Before I can say anything, his face morphs into a wicked smile.

“Did you get used to having me in your bed?”

I stare at the stupid smirk on his face, warring with myself about what to say.

Tell him what you really want.

I clear my throat. “I’m worried about tomorrow. I could… use a distraction.”

Missed it by that much.

For a moment, the playfulness slips off his face. Only a gentle—almost sad—smile appears. But it’s gone as quickly as it came, and a troublemaking gleam dances in his eyes .

He’s off the couch in a second, prowling over to me. “I’m happy to distract you, wifey.” Leaning in, his lips brush my ear. “I’ll distract you all night.”

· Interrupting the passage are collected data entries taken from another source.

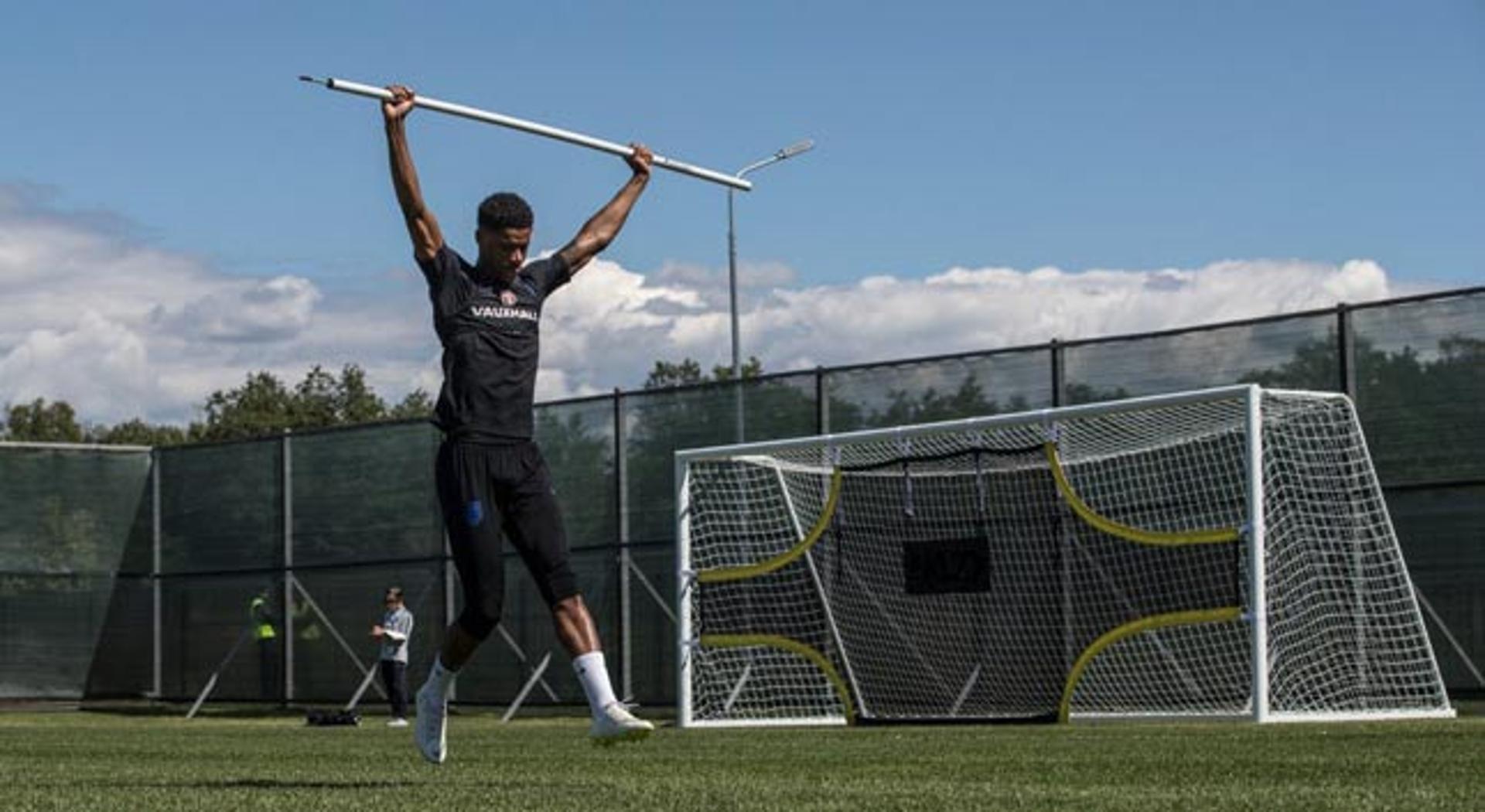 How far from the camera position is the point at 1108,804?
742 cm

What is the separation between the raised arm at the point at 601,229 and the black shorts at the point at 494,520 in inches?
Answer: 33.1

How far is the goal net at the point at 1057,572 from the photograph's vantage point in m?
18.5

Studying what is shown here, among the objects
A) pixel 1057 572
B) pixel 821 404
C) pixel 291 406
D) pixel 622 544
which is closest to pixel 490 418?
pixel 1057 572

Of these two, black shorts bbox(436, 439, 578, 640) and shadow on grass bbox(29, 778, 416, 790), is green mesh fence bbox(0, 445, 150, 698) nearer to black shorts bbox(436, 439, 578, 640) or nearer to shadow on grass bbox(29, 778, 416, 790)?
shadow on grass bbox(29, 778, 416, 790)

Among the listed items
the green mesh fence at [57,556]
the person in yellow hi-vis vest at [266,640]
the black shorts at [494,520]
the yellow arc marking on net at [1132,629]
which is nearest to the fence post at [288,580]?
the person in yellow hi-vis vest at [266,640]

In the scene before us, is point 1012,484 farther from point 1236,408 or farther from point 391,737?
point 391,737

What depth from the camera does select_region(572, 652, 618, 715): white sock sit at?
358 inches

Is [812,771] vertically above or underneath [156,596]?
above

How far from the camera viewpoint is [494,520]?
9266 millimetres

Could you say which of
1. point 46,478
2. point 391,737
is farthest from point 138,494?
point 391,737

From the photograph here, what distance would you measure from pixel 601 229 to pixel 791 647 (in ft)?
39.3

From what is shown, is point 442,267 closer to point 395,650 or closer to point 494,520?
point 494,520

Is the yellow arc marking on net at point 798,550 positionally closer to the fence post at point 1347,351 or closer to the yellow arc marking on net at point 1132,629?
the yellow arc marking on net at point 1132,629

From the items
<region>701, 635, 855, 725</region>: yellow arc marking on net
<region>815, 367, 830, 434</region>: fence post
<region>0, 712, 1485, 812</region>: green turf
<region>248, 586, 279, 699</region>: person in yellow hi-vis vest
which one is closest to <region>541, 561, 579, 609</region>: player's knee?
<region>0, 712, 1485, 812</region>: green turf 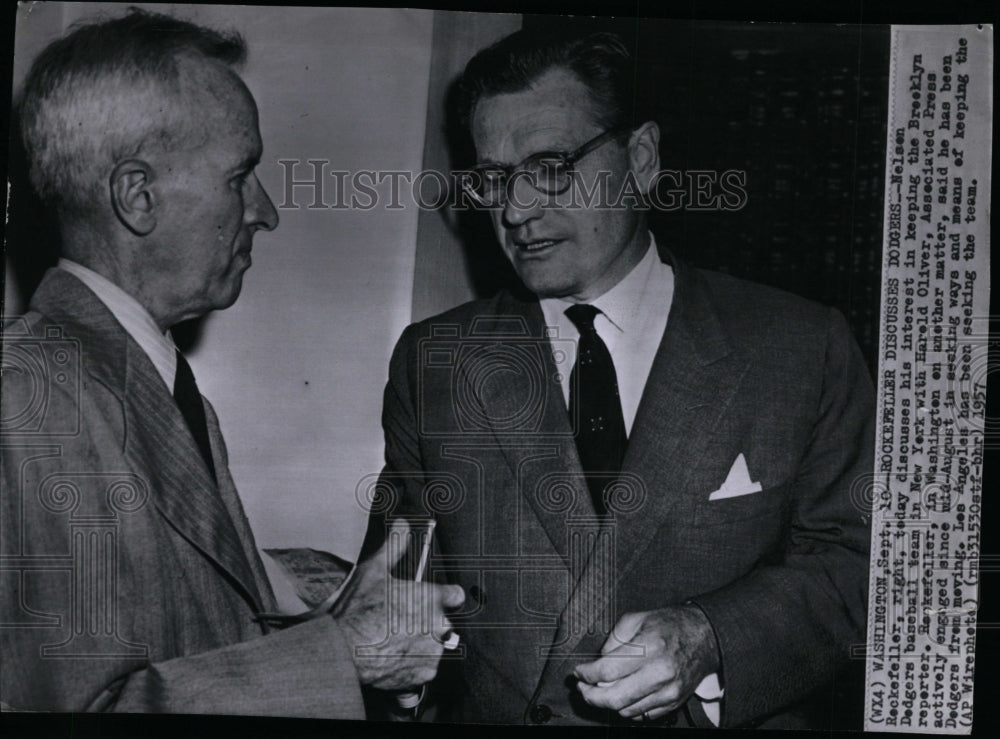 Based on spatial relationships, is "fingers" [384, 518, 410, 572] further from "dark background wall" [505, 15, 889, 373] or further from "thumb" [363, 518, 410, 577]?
"dark background wall" [505, 15, 889, 373]

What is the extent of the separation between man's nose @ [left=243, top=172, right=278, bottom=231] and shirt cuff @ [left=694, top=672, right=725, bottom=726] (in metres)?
1.31

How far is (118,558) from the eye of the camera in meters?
2.06

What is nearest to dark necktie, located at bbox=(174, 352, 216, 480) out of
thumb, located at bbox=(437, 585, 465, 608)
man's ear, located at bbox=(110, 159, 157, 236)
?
man's ear, located at bbox=(110, 159, 157, 236)

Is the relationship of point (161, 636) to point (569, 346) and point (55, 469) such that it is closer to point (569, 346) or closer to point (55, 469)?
point (55, 469)

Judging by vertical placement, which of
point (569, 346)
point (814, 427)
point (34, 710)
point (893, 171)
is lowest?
point (34, 710)

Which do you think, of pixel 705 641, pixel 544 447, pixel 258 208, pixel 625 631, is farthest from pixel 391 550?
pixel 258 208

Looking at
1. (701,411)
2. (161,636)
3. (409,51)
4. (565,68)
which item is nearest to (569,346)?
(701,411)

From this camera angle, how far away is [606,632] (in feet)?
6.82

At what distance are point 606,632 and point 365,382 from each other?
0.72 meters

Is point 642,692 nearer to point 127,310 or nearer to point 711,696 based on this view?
point 711,696

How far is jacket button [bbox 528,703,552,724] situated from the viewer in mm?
2092

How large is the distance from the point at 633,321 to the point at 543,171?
0.37m

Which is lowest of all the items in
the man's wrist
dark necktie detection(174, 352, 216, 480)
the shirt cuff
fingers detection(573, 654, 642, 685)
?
the shirt cuff

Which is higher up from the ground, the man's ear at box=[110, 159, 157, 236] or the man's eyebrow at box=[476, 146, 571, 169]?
the man's eyebrow at box=[476, 146, 571, 169] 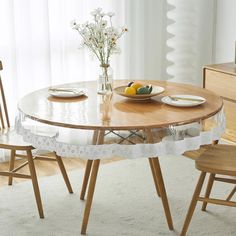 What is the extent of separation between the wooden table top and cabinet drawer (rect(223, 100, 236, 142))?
852mm

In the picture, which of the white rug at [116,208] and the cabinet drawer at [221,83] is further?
the cabinet drawer at [221,83]

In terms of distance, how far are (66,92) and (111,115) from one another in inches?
20.2

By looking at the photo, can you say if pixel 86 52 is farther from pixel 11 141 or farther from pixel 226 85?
pixel 11 141

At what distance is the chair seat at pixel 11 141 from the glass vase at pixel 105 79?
1.75ft

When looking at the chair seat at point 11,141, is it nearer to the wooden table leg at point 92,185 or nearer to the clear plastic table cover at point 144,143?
the clear plastic table cover at point 144,143

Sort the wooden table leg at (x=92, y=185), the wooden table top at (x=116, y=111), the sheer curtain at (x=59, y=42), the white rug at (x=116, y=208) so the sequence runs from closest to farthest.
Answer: the wooden table top at (x=116, y=111) < the wooden table leg at (x=92, y=185) < the white rug at (x=116, y=208) < the sheer curtain at (x=59, y=42)

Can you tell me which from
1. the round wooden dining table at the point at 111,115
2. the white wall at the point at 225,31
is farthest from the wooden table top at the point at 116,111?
the white wall at the point at 225,31

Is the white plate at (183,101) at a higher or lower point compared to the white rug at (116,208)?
higher

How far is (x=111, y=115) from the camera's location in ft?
8.71

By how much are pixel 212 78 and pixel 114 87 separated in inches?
44.7

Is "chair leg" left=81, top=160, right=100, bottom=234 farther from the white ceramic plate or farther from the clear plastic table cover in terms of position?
the white ceramic plate

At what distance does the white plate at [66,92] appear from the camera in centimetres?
299

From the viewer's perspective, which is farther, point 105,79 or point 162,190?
point 105,79

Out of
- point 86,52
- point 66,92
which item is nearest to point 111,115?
point 66,92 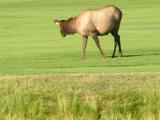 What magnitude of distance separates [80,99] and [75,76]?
127 inches

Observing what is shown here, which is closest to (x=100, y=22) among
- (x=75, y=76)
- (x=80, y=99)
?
(x=75, y=76)

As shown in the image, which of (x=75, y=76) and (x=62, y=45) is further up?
(x=75, y=76)

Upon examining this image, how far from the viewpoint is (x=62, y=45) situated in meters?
36.3

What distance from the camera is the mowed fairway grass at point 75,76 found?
18.5m

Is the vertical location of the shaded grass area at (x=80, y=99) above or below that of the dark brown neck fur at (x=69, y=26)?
above

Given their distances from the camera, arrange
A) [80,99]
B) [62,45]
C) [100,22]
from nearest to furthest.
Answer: [80,99] → [100,22] → [62,45]

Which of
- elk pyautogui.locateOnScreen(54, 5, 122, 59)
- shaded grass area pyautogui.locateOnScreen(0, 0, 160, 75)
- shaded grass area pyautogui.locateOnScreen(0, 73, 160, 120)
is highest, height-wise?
shaded grass area pyautogui.locateOnScreen(0, 73, 160, 120)

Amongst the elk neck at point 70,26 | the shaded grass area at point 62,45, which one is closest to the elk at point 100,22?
the elk neck at point 70,26

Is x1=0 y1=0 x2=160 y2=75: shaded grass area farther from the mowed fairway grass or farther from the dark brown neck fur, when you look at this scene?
the dark brown neck fur

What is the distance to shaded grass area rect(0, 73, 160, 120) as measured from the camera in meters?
18.4

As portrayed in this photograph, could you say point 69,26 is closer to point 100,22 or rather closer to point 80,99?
point 100,22

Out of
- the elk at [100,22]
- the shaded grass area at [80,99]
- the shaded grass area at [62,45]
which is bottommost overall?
the shaded grass area at [62,45]

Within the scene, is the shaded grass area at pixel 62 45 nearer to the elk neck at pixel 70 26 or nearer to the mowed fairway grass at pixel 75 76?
the mowed fairway grass at pixel 75 76

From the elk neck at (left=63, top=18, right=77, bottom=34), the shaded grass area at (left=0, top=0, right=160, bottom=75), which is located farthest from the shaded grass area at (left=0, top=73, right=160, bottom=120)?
the elk neck at (left=63, top=18, right=77, bottom=34) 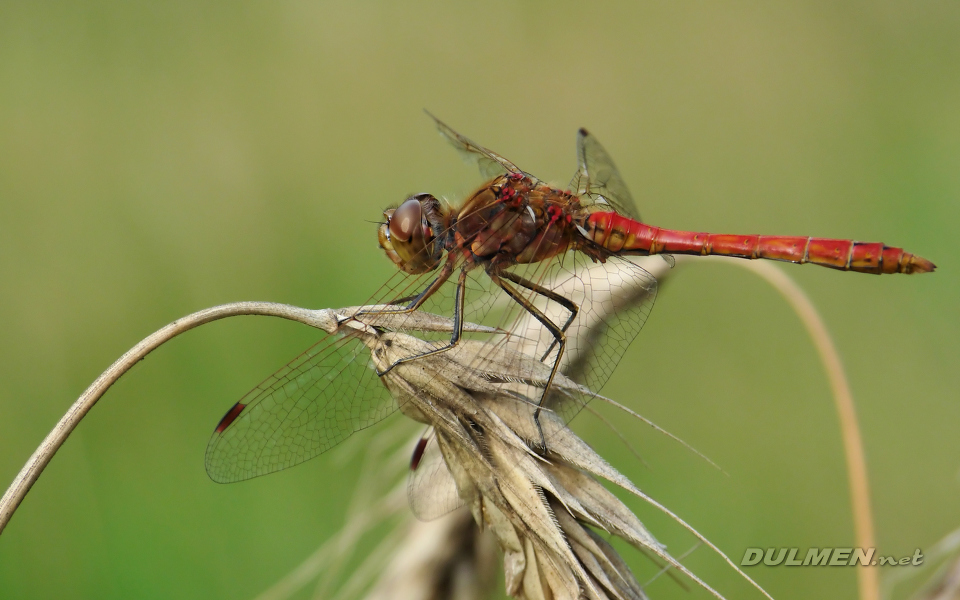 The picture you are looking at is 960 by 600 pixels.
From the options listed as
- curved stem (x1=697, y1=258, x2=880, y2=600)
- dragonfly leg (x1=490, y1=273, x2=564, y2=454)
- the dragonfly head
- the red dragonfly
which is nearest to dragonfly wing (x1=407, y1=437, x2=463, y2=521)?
the red dragonfly

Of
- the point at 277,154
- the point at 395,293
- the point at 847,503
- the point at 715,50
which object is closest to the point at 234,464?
the point at 395,293

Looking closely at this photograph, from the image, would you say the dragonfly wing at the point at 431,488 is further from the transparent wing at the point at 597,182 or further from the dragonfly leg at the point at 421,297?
the transparent wing at the point at 597,182

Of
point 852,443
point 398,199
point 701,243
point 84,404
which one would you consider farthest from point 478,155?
point 398,199

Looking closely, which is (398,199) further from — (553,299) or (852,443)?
(852,443)

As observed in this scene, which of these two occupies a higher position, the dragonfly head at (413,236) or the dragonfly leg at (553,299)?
the dragonfly head at (413,236)

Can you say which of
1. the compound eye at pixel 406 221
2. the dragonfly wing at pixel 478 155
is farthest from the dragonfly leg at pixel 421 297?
the dragonfly wing at pixel 478 155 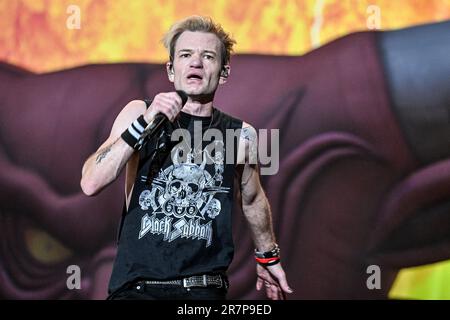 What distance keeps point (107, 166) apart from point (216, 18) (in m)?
1.83

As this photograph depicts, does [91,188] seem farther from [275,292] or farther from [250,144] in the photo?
[275,292]

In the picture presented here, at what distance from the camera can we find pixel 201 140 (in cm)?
293

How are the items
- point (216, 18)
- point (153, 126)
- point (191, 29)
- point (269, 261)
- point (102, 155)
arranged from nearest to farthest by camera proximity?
point (153, 126)
point (102, 155)
point (191, 29)
point (269, 261)
point (216, 18)

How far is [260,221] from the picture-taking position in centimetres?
318

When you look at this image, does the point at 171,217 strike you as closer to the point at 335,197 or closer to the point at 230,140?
the point at 230,140

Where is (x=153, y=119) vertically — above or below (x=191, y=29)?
below

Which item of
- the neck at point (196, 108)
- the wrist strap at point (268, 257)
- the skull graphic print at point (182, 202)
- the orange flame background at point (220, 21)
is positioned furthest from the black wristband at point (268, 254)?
the orange flame background at point (220, 21)

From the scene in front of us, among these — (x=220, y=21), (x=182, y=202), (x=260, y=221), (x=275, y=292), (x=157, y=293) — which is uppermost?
(x=220, y=21)

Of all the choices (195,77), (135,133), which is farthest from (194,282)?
(195,77)

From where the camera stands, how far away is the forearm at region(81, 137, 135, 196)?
2.60 meters

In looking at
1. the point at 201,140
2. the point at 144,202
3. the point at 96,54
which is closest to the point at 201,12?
the point at 96,54

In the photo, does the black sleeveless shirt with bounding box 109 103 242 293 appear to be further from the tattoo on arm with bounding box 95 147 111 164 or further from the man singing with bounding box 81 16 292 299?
the tattoo on arm with bounding box 95 147 111 164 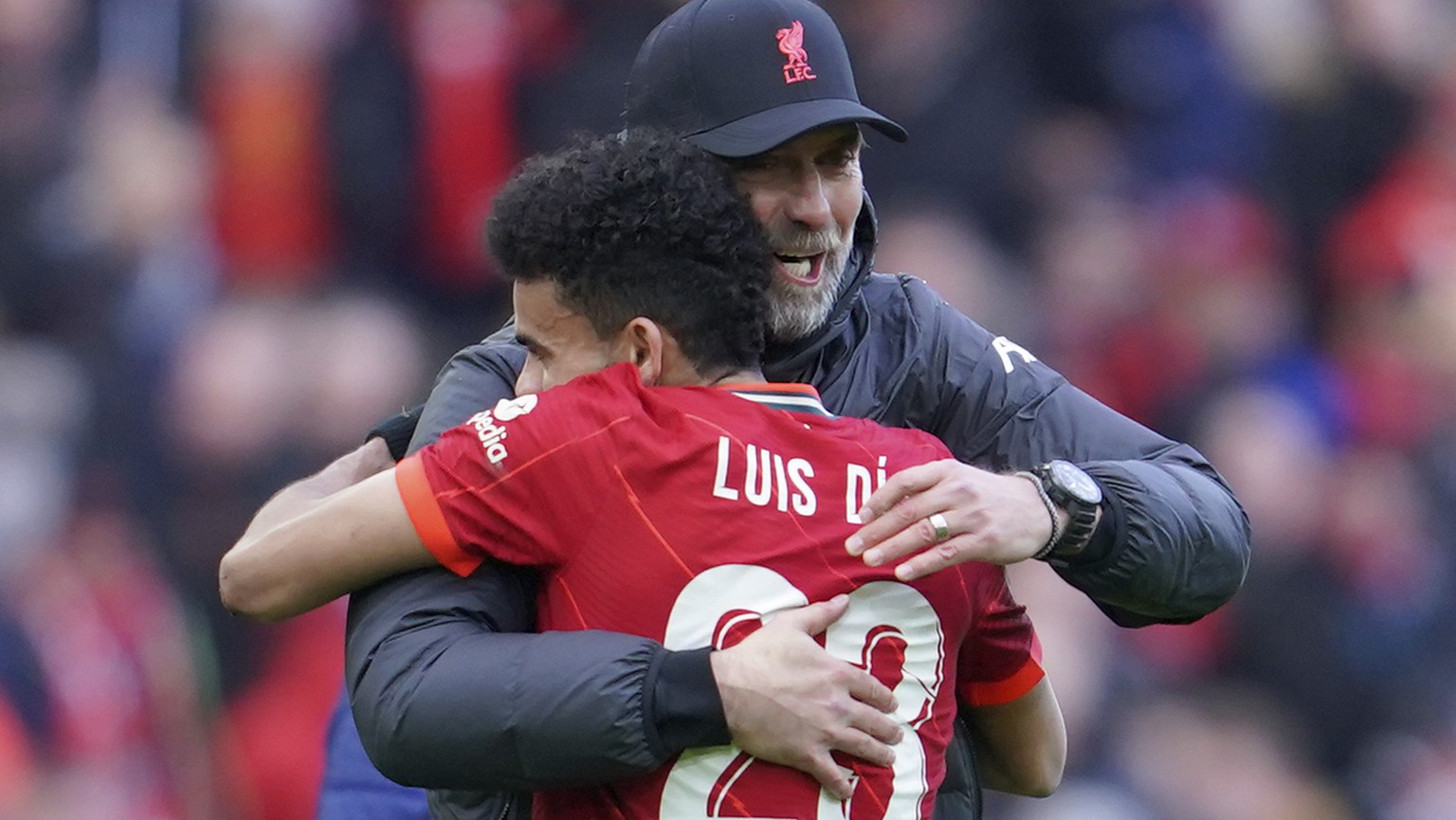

Then he’s dragging me down the hall to my room and stripping me naked as desire wells inside me.

I can’t deny I love this.

Love having his attention on me. Love what his touch does to me. It’s too much and not enough all at once.

We crawl under the covers together, kissing as our hands roam.

His fingers dance between my legs as I stroke him, the intensity building until we come together, lips locked and hearts pounding to the same rhythm.

But when my body relaxes and my eyes drift closed, it’s not the orgasm but the safety of Justin’s arms wrapped around me that lulls me to sleep.